PROMPT >> Pictures stay out of the copy; output exactly the lines from the one containing "Woman wearing face" through the end of the material.

DATA >>
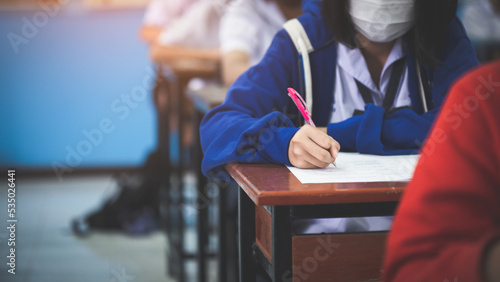 Student taking exam while wearing face mask due to coronavirus emergency. Young woman sitting in class with wearing surgical mask due to Covid-19 pandemic.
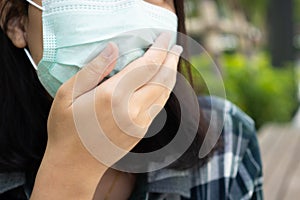 Woman wearing face mask protect filter against air pollution PM2.5 or wear N95 mask. protect pollution, anti smog and viruses,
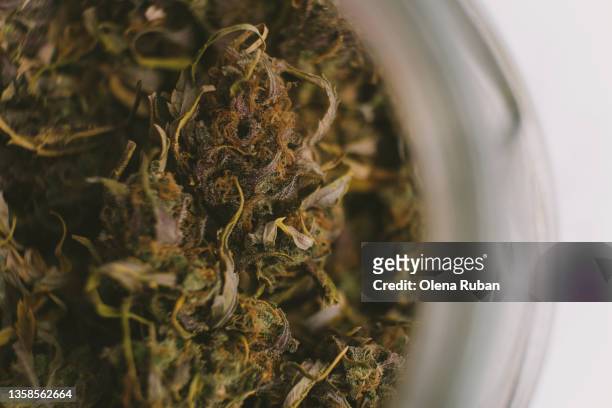 dried cannabis in opened glass bottle. - marihuana hierba de cannabis fotografías e imágenes de stock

EXERCISE ANSWER >>
 Woman wearing face mask protect filter against air pollution PM2.5 or wear N95 mask. protect pollution, anti smog and viruses,
 dried cannabis in opened glass bottle. - marihuana hierba de cannabis fotografías e imágenes de stock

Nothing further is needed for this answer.